Between Presidential elections, all Americans engage in jousting.  It’s an oil & water thing.  Abortion, gun control, gay rights, global warming, health care reform, tension in the Middle East, or immigration can divide Sunday school classes, knitting circles, Walmart check-out lines, and even bedrooms.       

“…from the redwood forest, to the gulf stream waters

This land was made for me and mine…” 

Political banter is like a ping pong ball bouncing from Miami to Seattle and Newark to San Diego.  When a Republican from New York (motto: “Driver Carries No Cash”) says, “Hillary is not an electrifying speaker.  She couldn’t electrify a fish tank if she threw a toaster into it,” then a Democrat from North Dakota (motto: “Coming Soon---Plumbing!”) will strike back with “Let’s concentrate on immigration and deport Ted Cruz.”   

Unlike Tip O’Neill and Ronald Reagan, who differed on everything until cocktail hour, Democrats and Republicans today spend 24/7 in fantasies of engaging the opposing party in blunt force trauma with bludgeoning instruments.

 The two-party system keeps everybody in a tizzy.  You can see it on the floor of Congress.  Men with bad armpit stains are yelling and waving their arms.  No wait---those are the guys ordering lunch across the aisles.

 Any topic can divide the nation.  ANY topic.  Take “SpongeBob Square pants.” Deputing in 1999, he has won the hearts of millions of American children for 15 years.  Spongebob got fired from his job on a recent episode, and it set off an explosion of political criticism.  Even the Pixar’s movie, “The Incredibles,” ignited political extremists to debate whether a society of perfect harmony could exist.  D. Liver.
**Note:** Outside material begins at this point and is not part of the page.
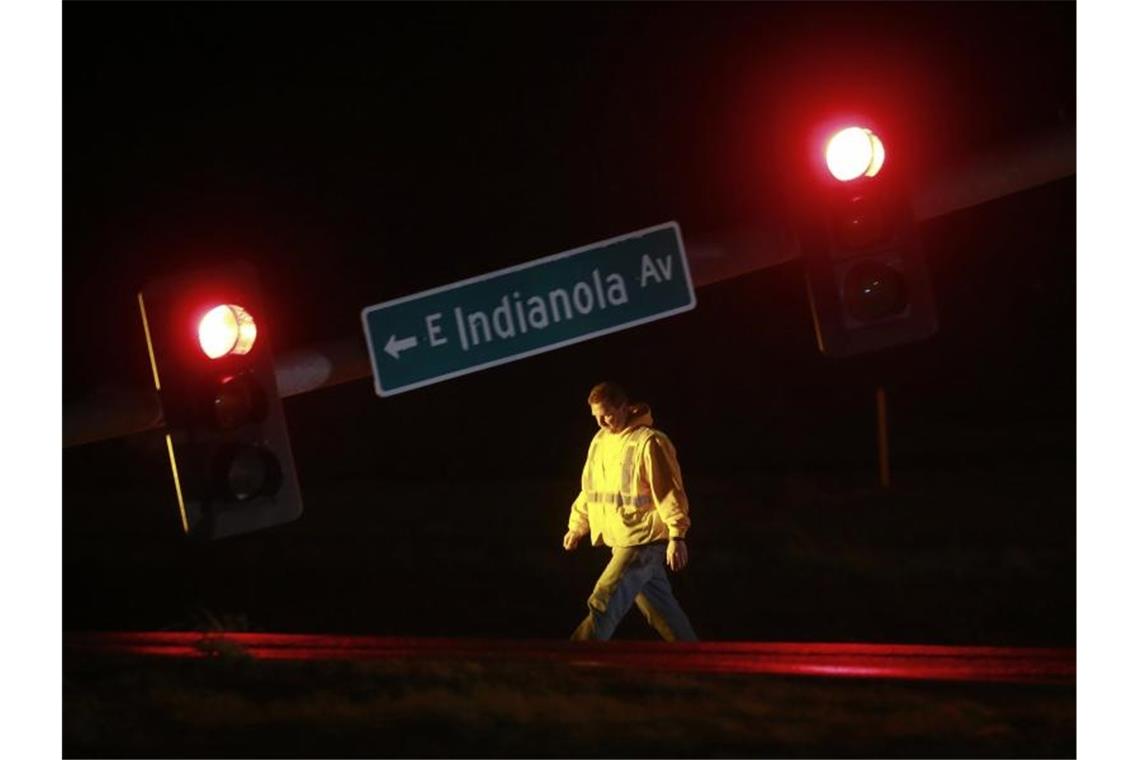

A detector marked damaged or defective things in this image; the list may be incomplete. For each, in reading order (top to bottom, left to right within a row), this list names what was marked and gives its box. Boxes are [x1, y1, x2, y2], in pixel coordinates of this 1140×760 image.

Me. 

 While we’re being absurd, let’s assume the nation could be divided on refried beans vs. black beans.  Health nut politicians would argue that refried beans are smashed, fried, and oiled, adding fat and calories.  In contrast, black beans are cooked in broth with spices added. 

 Other political fanatics might argue that refried beans aren’t really fried---they’re just mashed.  But, it could be debated that sinful bacon grease could be added to refried beans OR black beans.  Regardless, beans are an excellent source of protein and complex carbohydrates.  They’re high in soluble fiber, low in fat, and have no cholesterol.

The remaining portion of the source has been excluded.